Timing aside, time (as much of it as possible) is also crucial when it comes to effectively managing an allotment in early summer.

Reassuringly, even Warren admits that it’s difficult to find enough of it to complete every one of the 101 chores that ideally should be carried out at this time of year. “You just can’t. But what you can do is to prioritise the most important of those jobs. Regular watering of young pot-grown plants, for example, is essential. Otherwise you’ll lose them. So is careful watering and ventilation of polytunnels or glasshouses, as the temperature can quickly get dangerously high at this time of year.

Nipping out side shoots and feeding young tomato plants with a potash-rich liquid feed is also well worth it because it pays rich dividends. The same goes for earthing-up potatoes. Just make sure that the soil you’re using to earth them up is free of weeds, otherwise you’re storing up trouble for yourself.”

Brassicas are raised under cover from seed, each individual plant being transplanted out in early summer (about now) after first being carefully hardened off. When the young plant goes in the ground, it gets its own circular collar to protect it from cutworm and cabbage fly, while netting protects it from cabbage butterflies.

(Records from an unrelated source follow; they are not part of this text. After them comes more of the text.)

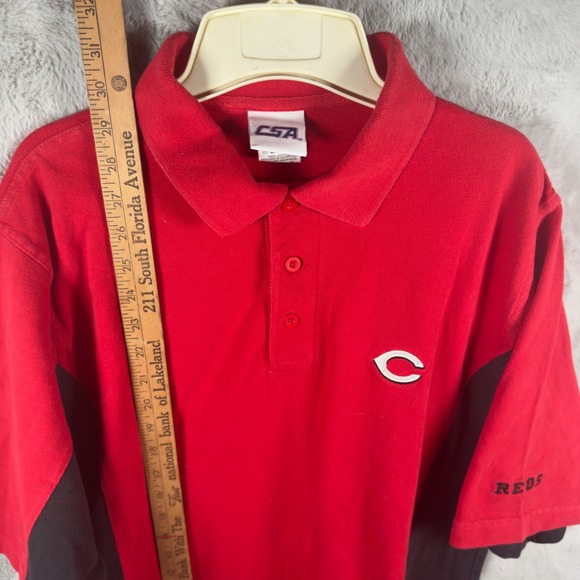 CSA Cincinnati Reds MLB Polo Shirt Mens Medium Red Black Colorblock Embroidered - Picture 6 of 8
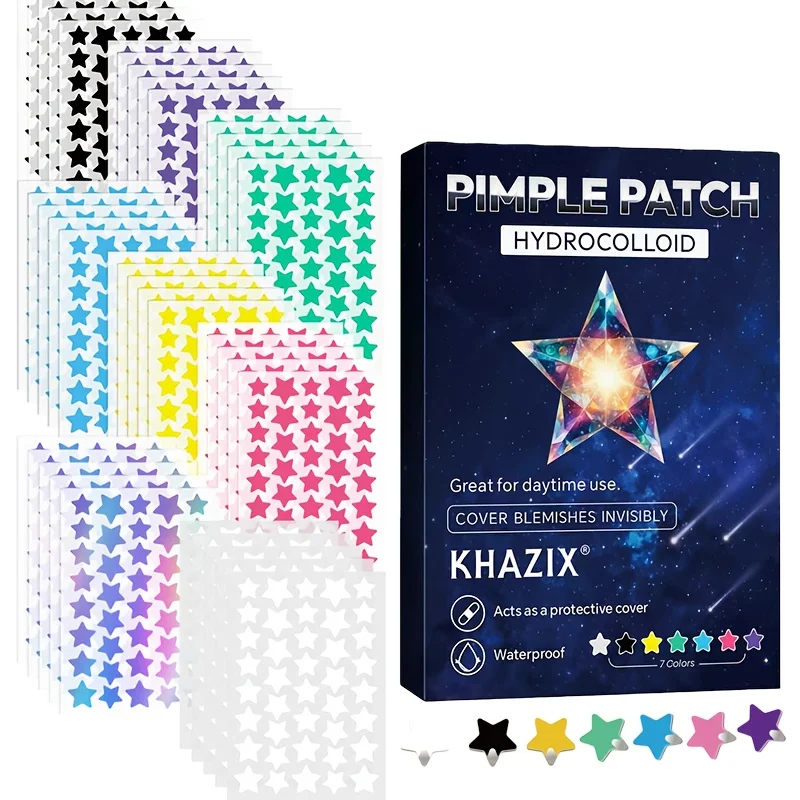 Parche hidrocoloide para acné, parche para acné en forma de estrella colorido y divertido, hipoalergénico y resistente al agua, 320/1920 Uds.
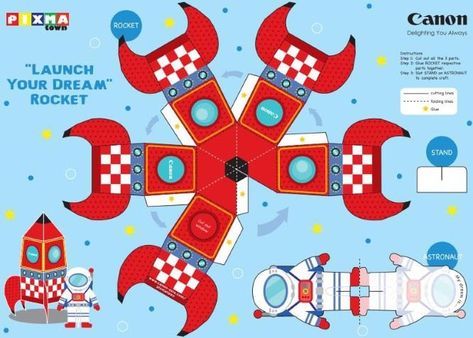 This easy-to-build colorful Rocket papercraft for kids was created by Singaporean designer Gagatree , comissioned by Canon Asia website.... Rocket Papercraft, Astronaut Party, Space Coloring Pages, Outer Space Party, Space Activities, Papercraft Printable, Crochet Baby Shoes Pattern, Paper Toy, Space Party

Tender plants – courgettes, French beans, sweet corn – are also sown under cover and planted out around this time. His prize-winning sweet pea plants, meanwhile, are sown in autumn and then transplanted out in late spring. Each gets its own bamboo cane, up which it will be carefully trained (rather than string, he uses plastic cable ties to hold the growing plant in place).

Successful gardening as practised by John Warren, I realise, is akin to a ballet, a sort of horticultural Swan Lake where the pas des deux is a duet performed by gardener and nature. Which is not to say it's without hiccups.

“Every gardener will experience failure at some stage,” he says resolutely. “One year might be great for sweet pea, for example, but terrible for something else – potatoes perhaps, or carrots. It’s important to accept that but to also learn from it. That ’s what good gardening is all about.”